Я знаю, — беда, когда «сапоги тачать начнет пирожник»5, когда г. Рукавишников выдет: «А! в тюрьму»6 и г. Бальмонт заголосит: «Рабочему русскому слава!»7 Но, г. Чуковский, вы, у которого сердце художника, скажите, разве ж это не естественно? И если все это выходит так неуклюже и даже неумно, так не потому ли, что художникам слишком неясно, что к чему? Они грянули, как с облаков; они только что оторвались от своей специальности — поцелуя. Не потому ли художник так беспомощен в области, которая сейчас волнует сердца его нации, что он слишком предан был одному маленькому фрагменту мира, выводит фиоритуры на одной коротенькой струнке? Вы хотите, чтобы революция породила литераторов? Разве «нынешних» вы признаете совершенно негодными? Совершенно негодными для того, чтобы почувствовать революцию, а не только облака? Или она, революция, антихудожественна? Или жизнь не там всего богаче и ярче, где она кипит напряженно в великом боренье?
Но допустим, что «нынешним» лучше играть на бильярде или сидеть в театре Комиссаржевской8 (где, надо думать, по сведениям г. Чуковского, их революцией не побеспокоят), — помогаете ли вы, как критик, нарождению нового литератора, который отыщет красоту в величайшем явлении социальной жизни — революции?
«Запри цветные окна! — кричите вы. — Замажь замазкой, иначе простудишься на ветру народной грозы и станешь фальшить, как Бальмонт!»

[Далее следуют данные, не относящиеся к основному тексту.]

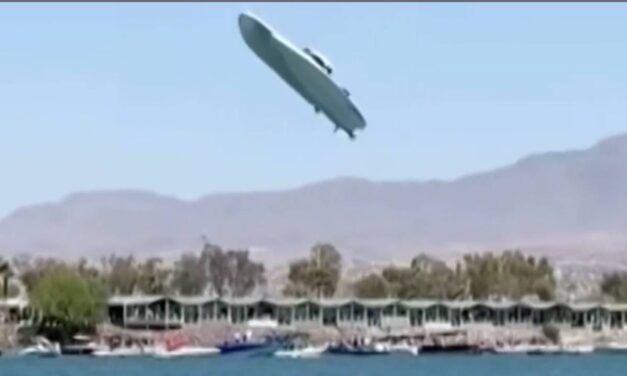 Speedboat Flips Midair At 200 Mph And Still Wins Race On Arizona Lake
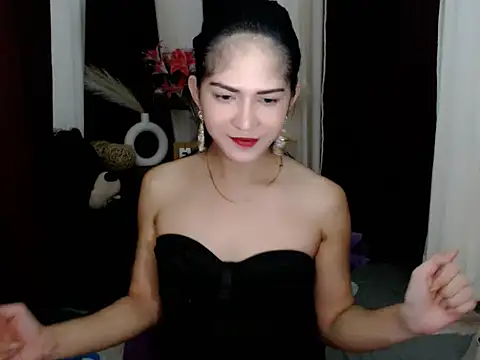 AnaxandraVenomLips online show from 05/21/26, 08:49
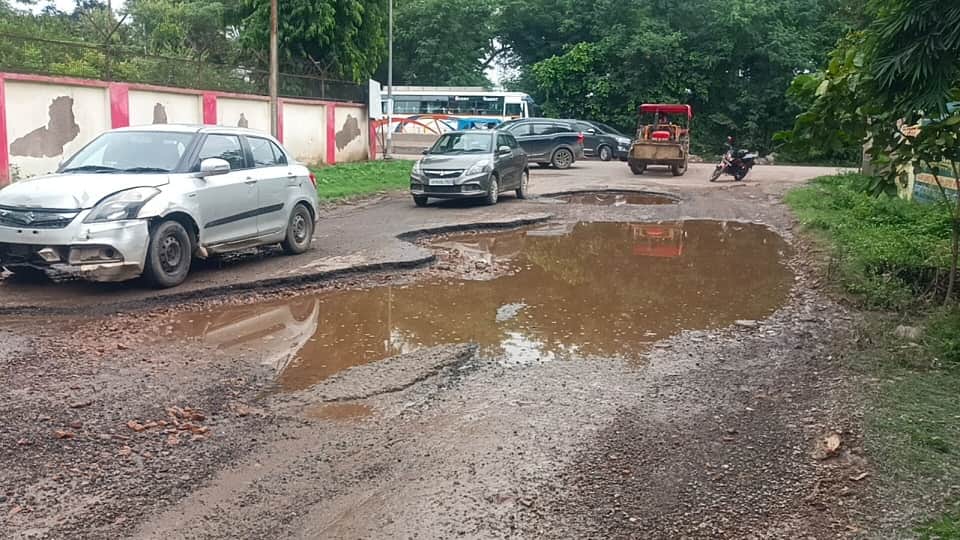 Cantonment Roads Turn Hazardous: Potholes and Waterlogging Trouble Commuters Amid Metro Diversion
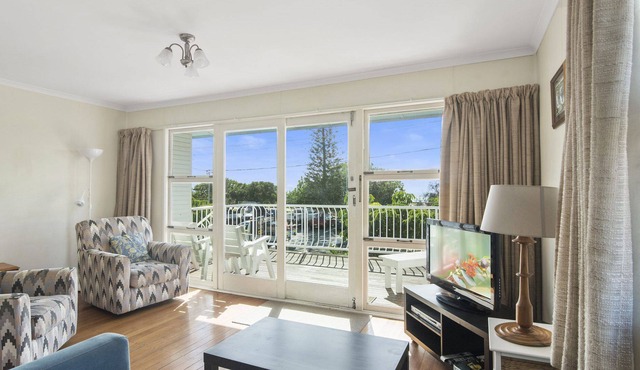 LYDSTEP - The beach shack with heaps of charm + character.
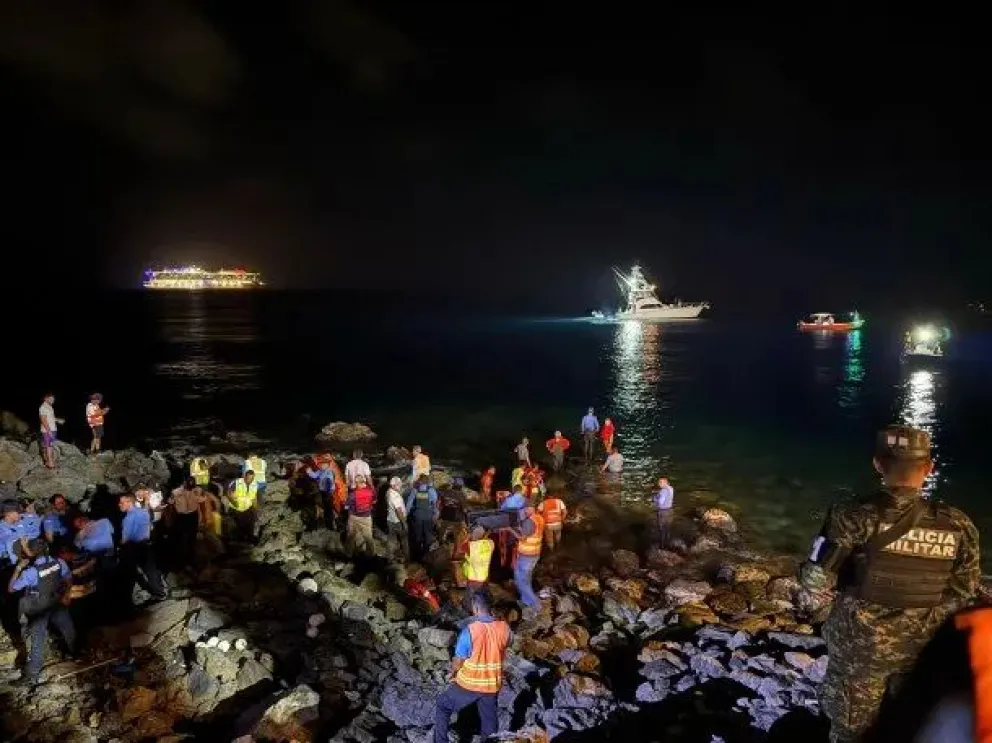 Tragedia aérea: al menos 12 muertos por la caída de un avión al mar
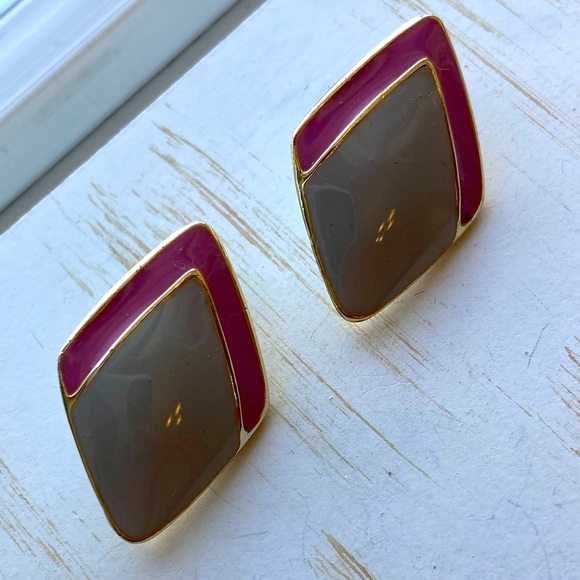 Vintage Diamond Shaped Enamel Clip On Earrings. - Picture 1 of 6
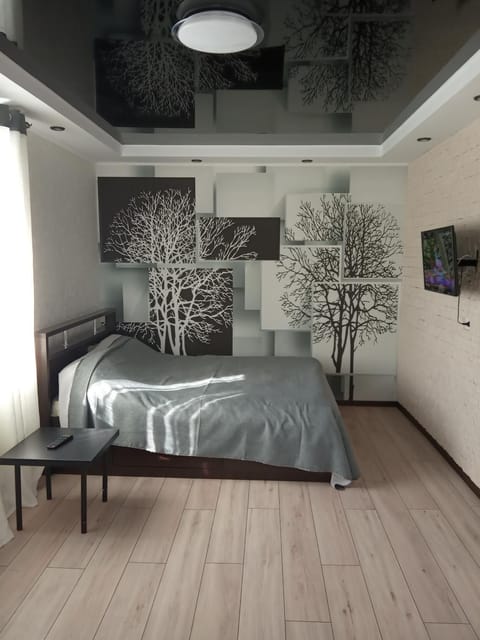 Bed, TV and multimedia, Bedroom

Настежь окна, художник, говорю я, не пропусти своего счастья: ты волей судеб свидетель великих явлений; думай, думай напряженно, наблюдай из всех сил, преломи эти снопы невиданных лучей в гранях твоей индивидуальности, изнемоги под бременем, умри ради литературы, ибо она, твоя богиня, требует от тебя теперь художественного анализа и художественного синтеза по отношению к явлениям ошеломляющим, колоссальным! А впрочем, ты свободен. Может быть, твоя мечта, привыкшая уже к определенным туфлям, жаждет насиженного места на диване? Ну ступай свободно домой, бедняжка!.. Только уж, г. Чуковский, в обмен и вы предоставьте свободу длинноволосым юношам говорить об искусстве также и в связи с задачами, надеждами и горестями сознательного человечества, предоставьте им свободу видеть красоту в «политике» и приветствовать в красоте не только самоцветы, но и великое орудие духа. Будем свободны. Побольше свободы, г. Чуковский.